- _How to complete this task_: Return exactly the listing's lines, from its first line to the line holding "Woman sitting at", ends included.

Supplied information section start

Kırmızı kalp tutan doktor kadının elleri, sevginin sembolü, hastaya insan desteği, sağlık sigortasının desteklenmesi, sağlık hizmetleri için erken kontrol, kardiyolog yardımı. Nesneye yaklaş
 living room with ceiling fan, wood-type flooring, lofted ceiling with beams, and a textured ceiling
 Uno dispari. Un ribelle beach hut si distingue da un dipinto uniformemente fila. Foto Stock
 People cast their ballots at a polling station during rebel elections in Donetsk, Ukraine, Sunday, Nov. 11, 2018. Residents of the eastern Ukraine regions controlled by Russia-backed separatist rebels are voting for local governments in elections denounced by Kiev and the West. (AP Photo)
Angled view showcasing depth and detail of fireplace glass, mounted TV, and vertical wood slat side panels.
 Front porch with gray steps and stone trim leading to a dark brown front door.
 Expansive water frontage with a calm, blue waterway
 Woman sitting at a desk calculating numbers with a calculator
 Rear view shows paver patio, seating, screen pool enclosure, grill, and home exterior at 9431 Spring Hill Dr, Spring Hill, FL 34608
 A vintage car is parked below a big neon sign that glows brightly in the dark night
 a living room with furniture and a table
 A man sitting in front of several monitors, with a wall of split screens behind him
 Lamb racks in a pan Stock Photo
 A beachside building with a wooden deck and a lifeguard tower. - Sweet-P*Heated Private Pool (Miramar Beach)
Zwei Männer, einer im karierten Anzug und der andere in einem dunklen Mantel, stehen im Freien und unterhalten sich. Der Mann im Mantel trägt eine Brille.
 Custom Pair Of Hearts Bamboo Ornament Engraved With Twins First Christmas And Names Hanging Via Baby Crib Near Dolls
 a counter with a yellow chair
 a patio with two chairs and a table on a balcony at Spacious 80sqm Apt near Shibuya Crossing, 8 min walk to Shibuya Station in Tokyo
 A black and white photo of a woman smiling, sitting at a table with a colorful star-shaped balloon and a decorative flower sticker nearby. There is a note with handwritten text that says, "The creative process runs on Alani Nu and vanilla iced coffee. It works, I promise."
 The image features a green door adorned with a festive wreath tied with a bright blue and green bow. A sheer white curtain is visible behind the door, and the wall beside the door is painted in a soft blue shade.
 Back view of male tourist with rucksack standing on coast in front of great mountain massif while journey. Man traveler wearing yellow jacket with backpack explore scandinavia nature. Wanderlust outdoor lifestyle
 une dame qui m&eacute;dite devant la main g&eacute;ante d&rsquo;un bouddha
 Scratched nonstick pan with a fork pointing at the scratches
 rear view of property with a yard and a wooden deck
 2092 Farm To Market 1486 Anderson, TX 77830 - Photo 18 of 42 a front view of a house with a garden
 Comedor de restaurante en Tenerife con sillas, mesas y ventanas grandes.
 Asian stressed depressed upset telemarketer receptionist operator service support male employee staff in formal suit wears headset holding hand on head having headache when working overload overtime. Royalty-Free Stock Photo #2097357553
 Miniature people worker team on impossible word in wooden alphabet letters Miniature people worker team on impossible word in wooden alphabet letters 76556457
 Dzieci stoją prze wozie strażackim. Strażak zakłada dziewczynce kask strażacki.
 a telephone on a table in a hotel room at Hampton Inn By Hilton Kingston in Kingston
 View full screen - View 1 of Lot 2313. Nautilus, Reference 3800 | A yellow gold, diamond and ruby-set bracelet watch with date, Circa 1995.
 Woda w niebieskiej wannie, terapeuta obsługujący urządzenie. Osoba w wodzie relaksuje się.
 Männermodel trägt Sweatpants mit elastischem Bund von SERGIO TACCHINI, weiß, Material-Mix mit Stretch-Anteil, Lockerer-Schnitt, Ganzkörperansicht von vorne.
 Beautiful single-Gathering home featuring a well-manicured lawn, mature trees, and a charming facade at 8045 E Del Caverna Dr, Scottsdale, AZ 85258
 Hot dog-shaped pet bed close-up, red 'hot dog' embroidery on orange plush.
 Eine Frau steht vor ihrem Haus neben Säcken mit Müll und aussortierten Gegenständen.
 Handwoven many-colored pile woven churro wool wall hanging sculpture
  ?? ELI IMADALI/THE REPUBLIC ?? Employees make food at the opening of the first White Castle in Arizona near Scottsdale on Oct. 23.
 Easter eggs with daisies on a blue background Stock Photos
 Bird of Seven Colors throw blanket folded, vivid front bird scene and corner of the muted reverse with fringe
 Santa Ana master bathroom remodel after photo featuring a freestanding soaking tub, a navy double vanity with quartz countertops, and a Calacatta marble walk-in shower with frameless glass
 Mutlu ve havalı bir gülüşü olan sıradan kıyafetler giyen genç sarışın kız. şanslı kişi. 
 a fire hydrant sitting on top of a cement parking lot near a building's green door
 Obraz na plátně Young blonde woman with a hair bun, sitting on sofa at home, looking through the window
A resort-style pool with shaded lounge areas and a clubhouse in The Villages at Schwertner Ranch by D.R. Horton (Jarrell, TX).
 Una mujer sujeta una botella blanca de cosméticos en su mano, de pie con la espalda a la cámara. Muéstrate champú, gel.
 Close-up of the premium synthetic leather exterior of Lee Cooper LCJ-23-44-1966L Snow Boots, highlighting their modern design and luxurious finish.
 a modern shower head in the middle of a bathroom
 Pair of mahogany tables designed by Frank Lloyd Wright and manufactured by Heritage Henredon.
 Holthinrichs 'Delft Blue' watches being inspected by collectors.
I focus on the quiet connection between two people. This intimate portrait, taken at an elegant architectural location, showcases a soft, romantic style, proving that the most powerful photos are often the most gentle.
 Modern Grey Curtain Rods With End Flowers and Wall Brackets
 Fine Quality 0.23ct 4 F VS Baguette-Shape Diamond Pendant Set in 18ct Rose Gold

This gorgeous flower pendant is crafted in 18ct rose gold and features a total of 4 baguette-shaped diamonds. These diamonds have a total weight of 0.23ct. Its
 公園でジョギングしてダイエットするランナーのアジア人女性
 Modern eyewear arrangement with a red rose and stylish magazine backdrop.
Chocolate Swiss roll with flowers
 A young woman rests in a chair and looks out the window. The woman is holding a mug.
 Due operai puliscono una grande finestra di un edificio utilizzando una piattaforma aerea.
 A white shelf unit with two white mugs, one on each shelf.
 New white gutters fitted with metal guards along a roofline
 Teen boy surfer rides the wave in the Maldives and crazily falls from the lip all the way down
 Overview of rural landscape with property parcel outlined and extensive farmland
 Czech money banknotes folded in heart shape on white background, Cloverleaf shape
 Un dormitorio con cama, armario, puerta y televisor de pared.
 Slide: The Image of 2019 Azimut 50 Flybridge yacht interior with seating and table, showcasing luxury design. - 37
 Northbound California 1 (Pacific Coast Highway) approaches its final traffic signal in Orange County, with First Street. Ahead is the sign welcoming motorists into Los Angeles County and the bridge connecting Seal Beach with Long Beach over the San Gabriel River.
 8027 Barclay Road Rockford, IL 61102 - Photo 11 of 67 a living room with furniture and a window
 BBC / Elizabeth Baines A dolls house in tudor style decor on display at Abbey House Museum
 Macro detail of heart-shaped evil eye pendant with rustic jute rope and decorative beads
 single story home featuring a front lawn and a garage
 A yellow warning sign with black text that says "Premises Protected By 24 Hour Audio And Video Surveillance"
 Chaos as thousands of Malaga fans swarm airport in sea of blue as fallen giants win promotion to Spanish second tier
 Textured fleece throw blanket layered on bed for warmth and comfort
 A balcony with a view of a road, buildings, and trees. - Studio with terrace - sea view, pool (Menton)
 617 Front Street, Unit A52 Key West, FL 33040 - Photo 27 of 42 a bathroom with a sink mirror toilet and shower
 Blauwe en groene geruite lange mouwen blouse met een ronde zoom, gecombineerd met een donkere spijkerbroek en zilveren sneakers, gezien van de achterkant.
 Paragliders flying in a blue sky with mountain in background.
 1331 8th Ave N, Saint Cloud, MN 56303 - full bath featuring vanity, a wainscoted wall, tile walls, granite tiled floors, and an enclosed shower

Supplied information section end

- _Problem solution_:
Kırmızı kalp tutan doktor kadının elleri, sevginin sembolü, hastaya insan desteği, sağlık sigortasının desteklenmesi, sağlık hizmetleri için erken kontrol, kardiyolog yardımı. Nesneye yaklaş
 living room with ceiling fan, wood-type flooring, lofted ceiling with beams, and a textured ceiling
 Uno dispari. Un ribelle beach hut si distingue da un dipinto uniformemente fila. Foto Stock
 People cast their ballots at a polling station during rebel elections in Donetsk, Ukraine, Sunday, Nov. 11, 2018. Residents of the eastern Ukraine regions controlled by Russia-backed separatist rebels are voting for local governments in elections denounced by Kiev and the West. (AP Photo)
Angled view showcasing depth and detail of fireplace glass, mounted TV, and vertical wood slat side panels.
 Front porch with gray steps and stone trim leading to a dark brown front door.
 Expansive water frontage with a calm, blue waterway
 Woman sitting at a desk calculating numbers with a calculator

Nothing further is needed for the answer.